Il n’est pas besoin d’avoir un crâne entre les mains, ni d’être Hamlet pour se poser cette question, d’autant plus qu’il s’agit pour nous de savoir si nous vivons en chrétiens, là où Dieu nous a placés. Cette période entre l’Ascension et la Pentecôte est riche en enseignements. Il nous est demandé à la fois de faire redescendre nos regards du ciel où nous avons pu contempler Jésus s’en retournant chez son Père et d’accueillir celui qui vient du ciel, de la part du Père et du fils.

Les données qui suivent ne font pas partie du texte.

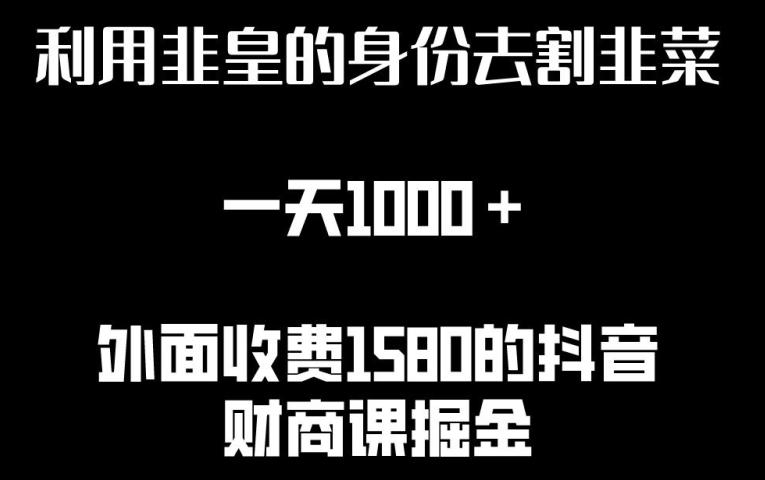 利用非皇的身份去割韭菜，一天1000+(附详细资源)【揭秘】-腾渊论坛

Alors, quelle-doit-être notre position ? La réponse nous est fournie par l’Evangile. Le Christ a prié pour que nous restions dans ce monde, afin que nous puissions donner le témoignage à la vérité qu’il attend de nous, dans la mesure où nous lui sommes unis.

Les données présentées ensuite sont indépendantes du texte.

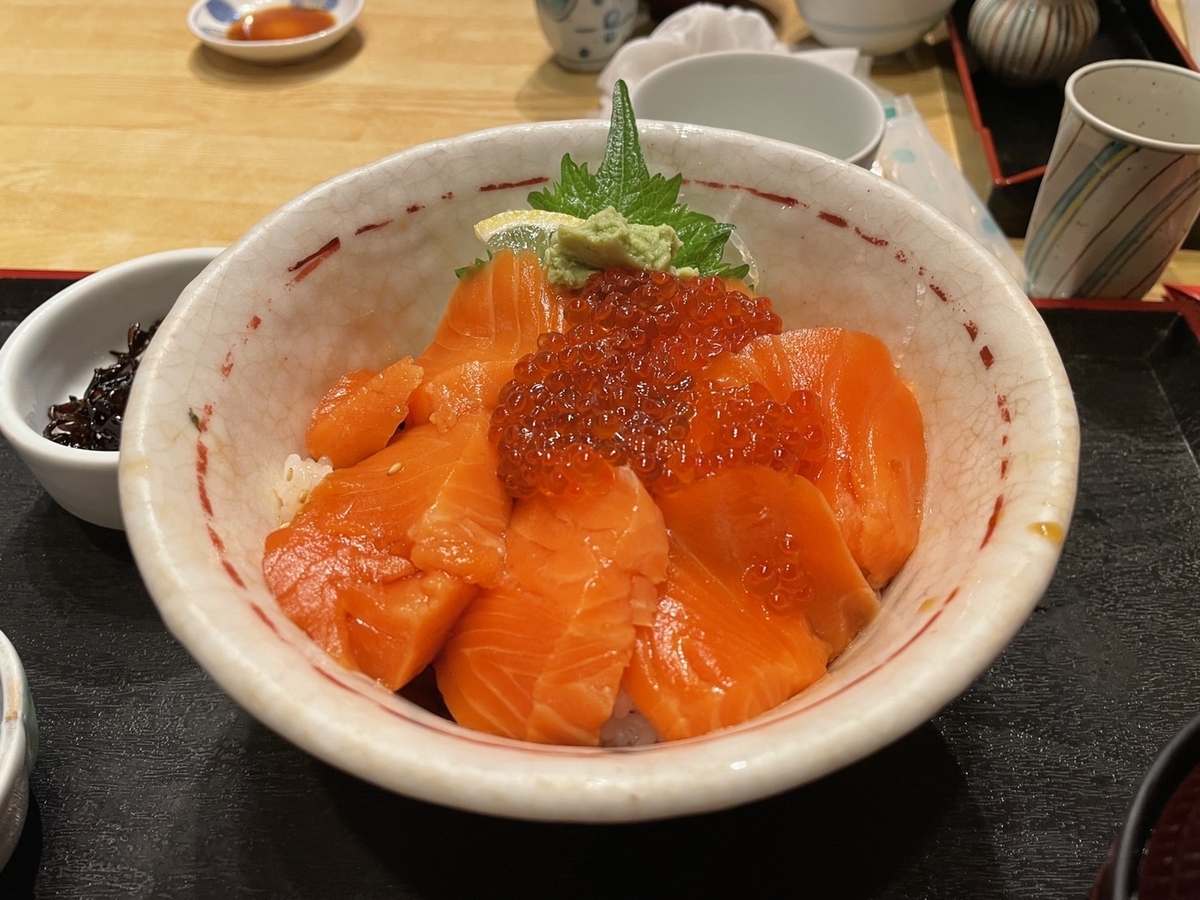 f:id:prinnynm:20220111020040j:plain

La tentation du chrétien est double : refuser le monde et vivre dans sa bulle de bien-pensant, ou bien se laisser happer par le mouvement de ce monde et oublier Dieu.
La sagesse se situe dans un juste milieu et c’est celle de l’Evangile. Nous sommes en plein dans le monde et nous appartenons pourtant au Christ, nous devons faire les œuvres du Christ, ici-bas.
Une contemporaine qui vivait en très proche banlieue parisienne à Ivry, Madeleine Delbrêl, a nommé cela « la sainteté des gens ordinaires » et elle l’a vécu, dans un engagement d’assistante sociale catholique en milieu ouvrier communiste. Le grand écart !
Dans un texte qui s’appelle « Missionnaires sans bateaux » elle nous dit cette belle vérité. « Apprenons qu’il n’y a pas deux amours : qui étreint Dieu doit avoir la place du monde dans ses bras ; qui reçoit le poids de Dieu dans son cœur, y reçoit le poids du monde ».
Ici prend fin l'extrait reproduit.